Twin Peaks, the groundbreaking David Lynch TV series, is finally back in our lives after 27 years of anticipation, and judging by the reactions on social media and from TV critics, it might feel as if everyone’s watching it. In reality, though, the 2017 return of Twin Peaks is facing some problems when it comes to the show’s traditional ratings. While at the same time, it’s breaking new ground with the new ways of watching TV – streaming.
Episodes 1 and 2 of Twin Peaks Season 3 debuted on Showtime last week, on May 21. According to The Hollywood Reporter, the two-hour Twin Peaks premiere attracted only 619,000 viewers in real time. When comparing the numbers to other popular Showtime shows, it would seem Agent Dale Cooper is in trouble.
- Billions, Season 2: The two-hour premiere drew 753,000 viewers.
- Homeland, Season 6: The season premiere attracted 1.1 million viewers.
- Ray Donovan, Season 4: The season premiere had 1.1 million viewers.
When you compare Twin Peaks’ 2017 premiere to some of the shows that were on the same time slot that night on other channels, David Lynch’s series loses again. On HBO, an episode of The Leftovers Season 3 attracted 770,000 viewers, and American Gods on Stars drew 631,000 viewers.
If you compare Twin Peaks to itself – from 27 years ago – the numbers look even more devastating.
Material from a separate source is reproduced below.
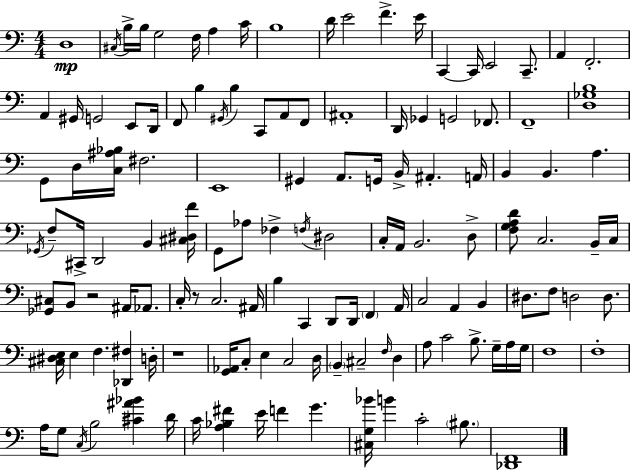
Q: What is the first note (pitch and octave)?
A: D3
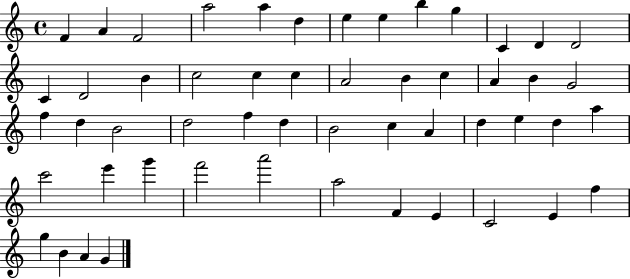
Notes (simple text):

F4/q A4/q F4/h A5/h A5/q D5/q E5/q E5/q B5/q G5/q C4/q D4/q D4/h C4/q D4/h B4/q C5/h C5/q C5/q A4/h B4/q C5/q A4/q B4/q G4/h F5/q D5/q B4/h D5/h F5/q D5/q B4/h C5/q A4/q D5/q E5/q D5/q A5/q C6/h E6/q G6/q F6/h A6/h A5/h F4/q E4/q C4/h E4/q F5/q G5/q B4/q A4/q G4/q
The first ever episode of the show, which premiered in April 1990, had 34.6 million viewers. But the TV landscape was very different back then. The show was broadcast on the ABC network, and there were a lot fewer TV channels around, not to mention no streaming options such as Netflix.
However, it’s not all doom and gloom for David Lynch and Agent Cooper, and in fact, Twin Peaks managed to break a ratings record for Showtime – the streaming ratings. Showtime is available as a streaming subscription in several ways – directly through its own website and as an add-on subscription to Hulu and Amazon Prime to name a few.
And as it turns out, more Twin Peaks viewers chose to watch the show via a streaming service than live on TV. As of last Friday, the season premiere’s total ratings jumped up to 1.7 million viewers – that means more than a million viewers tuned in to watch the show after its “live” premiere via one of the streaming services.
According to Showtime, that number represents the most streaming viewers ever for an original series debut and the highest percentage of streaming viewership of any Showtime original series to date. The cable network also announced a record number of subscriptions to their streaming service ahead of the Twin Peaks 2017 revival. Showtime Networks president and CEO, David Nevins, addressed that in a statement.
“In the world that we live in now, offering original programming that attracts new subscribers is our primary business objective. By that standard, the Twin Peaks premiere is the biggest single-night driver we’ve ever had.”
In a nod to its streaming audience, Showtime even released Episodes 3 and 4 of Twin Peaks to its streaming service ahead of their broadcast on the regular channel. The episodes were available to watch immediately following Episodes 1 and 2, and while their viewing numbers haven’t been released yet, it’s safe to assume they will be high, and very possibly higher, again, than the episodes’ ratings on the live channel, where they were shown yesterday (May 28).
The 2017 return of Twin Peaks was a major success on another new media platform – social media. While not necessarily an indication of TV viewership, the show’s return sparked millions of tweets, memes, and conversations on Twitter and other social media channels – something TV executives monitor closely in this day and age.
The third (and presumably final) season of Twin Peaks consists of 18 episodes, which from now on will be released weekly on Showtime’s streaming service, at the same as their traditional TV broadcast. It will be interesting to see whether this new form of viewing and the delayed ratings numbers it brings will be enough for the executives in the TV industry. It would seem Twin Peaks is breaking new TV ground again, this time by bringing delayed viewers and TV cord cutters into the spotlight.